Ongoing planning efforts focusing on hamlet centers and on creating a coastal assessment and resiliency plan, known as CARP, will present both challenges and opportunities in the year ahead, said Mr. Cantwell. The hamlet studies, which incorporate community input, will focus on “how to make these centers safer for pedestrians and vehicles, improve parking efficiency, improve infrastructure, and address zoning issues and support local businesses without compromising rural character and environmental protection,” while “the CARP will bring into the forefront the need for our community to address the short and long-term impacts along our shoreline of erosion and flooding from more frequent storms, long-term erosion trends, climate change, and sea-level rise.”
While the town will continue to press the Army Corps of Engineers for a full-scale beach nourishment plan for the downtown Montauk shore, Mr. Cantwell said that “we need a new plan that will remove some of the most vulnerable development on our coastline, replacing it with natural sand dune protection, and land use and redevelopment plans to replace the most essential uses in less vulnerable areas.”
Following a court ruling that nullified local laws intended to control traffic at the East Hampton Airport in order to reduce aircraft noise, “the future of the airport is likely to be called into question,” Mr. Cantwell predicted. Attorneys for the town will appeal the ruling to the Supreme Court, and the town is also seeking Congressional action on its right to enact local airport restrictions, but “other options that would maintain a local-use airport while meaningfully reducing noise must also be explored,” he said. “Aviation interests must take heed as well, and work to find solutions to this serious issue before next summer or risk a growing call to close the airport in the future,” he warned.

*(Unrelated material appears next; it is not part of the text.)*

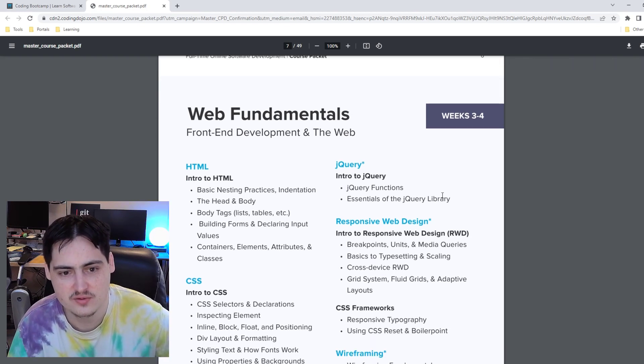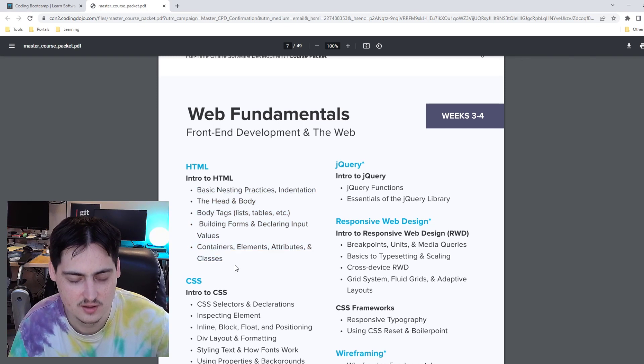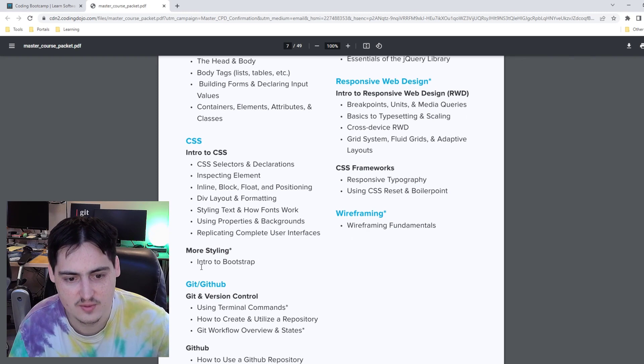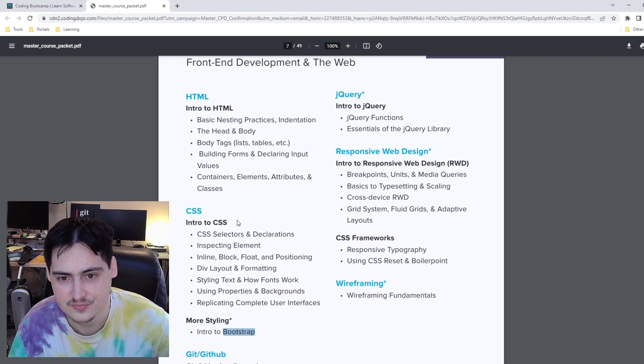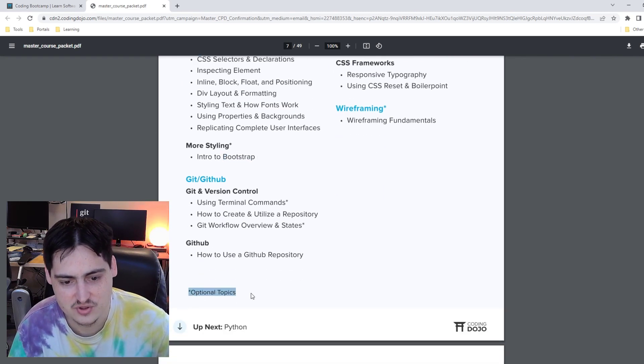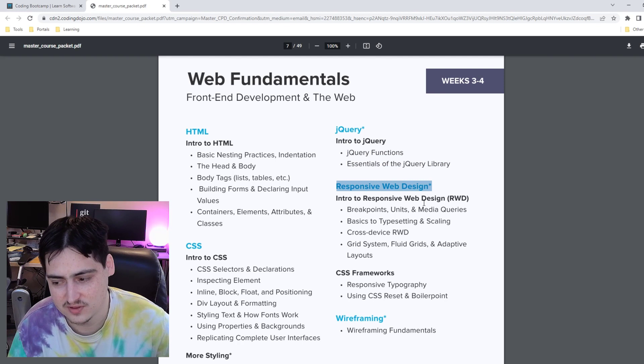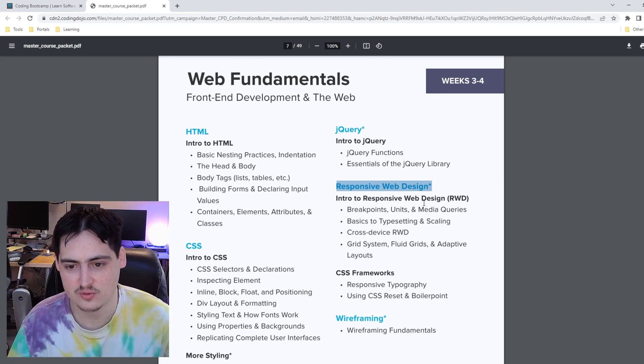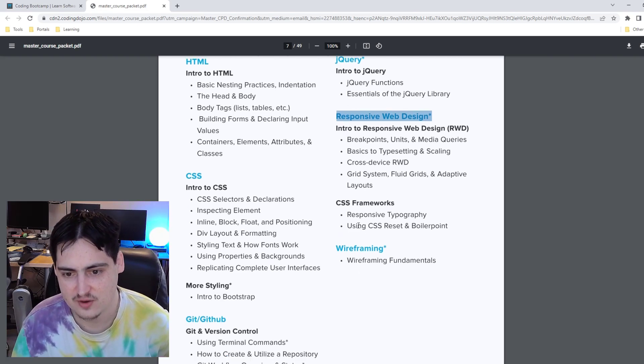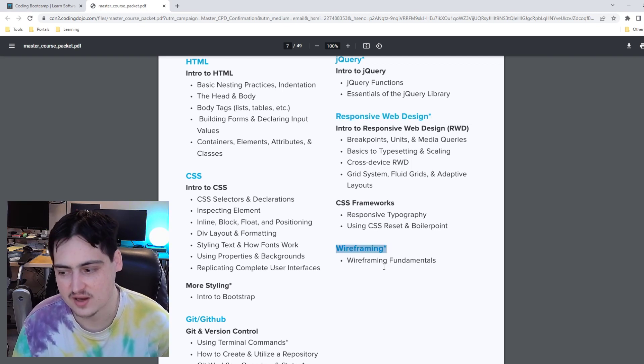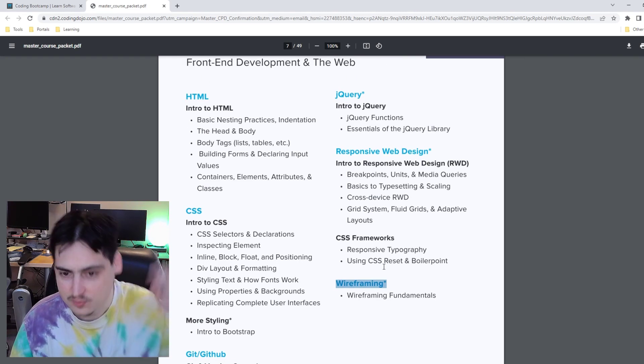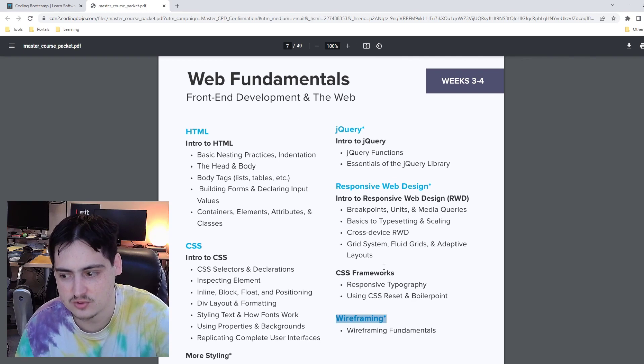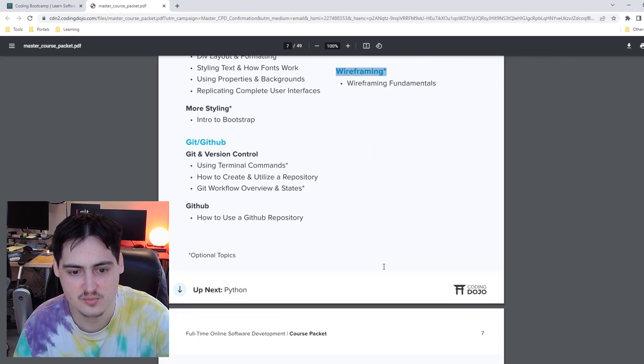Web fundamentals, week three to four. We have intro to HTML, intro to CSS, and then we also talked about bootstrap. Git and GitHub. jQuery, which there's an asterisk on this for optional topics. This is optional because I was going to say jQuery is unnecessary. You don't need to learn it. Responsive web design, intro to web design. I think this is something that you will want to learn. So if you're someone doing this, definitely learn this. CSS frameworks, responsive typography, and then wireframing. Wireframing is definitely optional. It's an interesting topic but it doesn't need to be in a bootcamp. So far this is pretty standard. Two weeks to get through this seems doable.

Train shuttle transportation to and from East Hampton will also be on the agenda, in an effort to cut down on vehicle traffic that Mr. Cantwell called “a serious safety, environmental, convenience, and economic issue threatening both Southampton and East Hampton.” The towns are working with state officials and the Long Island Rail Road, he said, hoping to initiate shuttle service on the South Fork.
The town board will continue to prioritize residents’ quality of life and the enforcement of state and local laws, the supervisor said. Community response to a new rental registry law — 3,000 property owners registered in its first year — and a court victory in a case regarding vehicle access to a Napeague ocean beach were encouraging, he said. The board “will continue to protect public access to our beaches.”
On affordable housing, though “modest progress” has been made with zoning amendments designed to provide more opportunities, “the pace must improve,” Mr. Cantwell said.
The supervisor, entering the second year of his second two-year term, ended his address with wide-ranging comments about “civil discourse and debate.”
“The hate and violence in our country witnessed in the past year tears at the very fabric of our society,” he said.
“We can end this unconscionable hate and violence when all of us — and especially our leaders — use our words and action for positive change.”
Here in East Hampton, he said, he is proud of the way the board has worked together and listened to one another and the public, even in the face of disagreement.
The recent full-scale community response to the fire on Sag Harbor’s Main Street, Mr. Cantwell said, was, despite the devastation, “really one of the most inspiring things I’ve seen. It just reminded me what a special community we live in, and how proud I am to be supervisor.”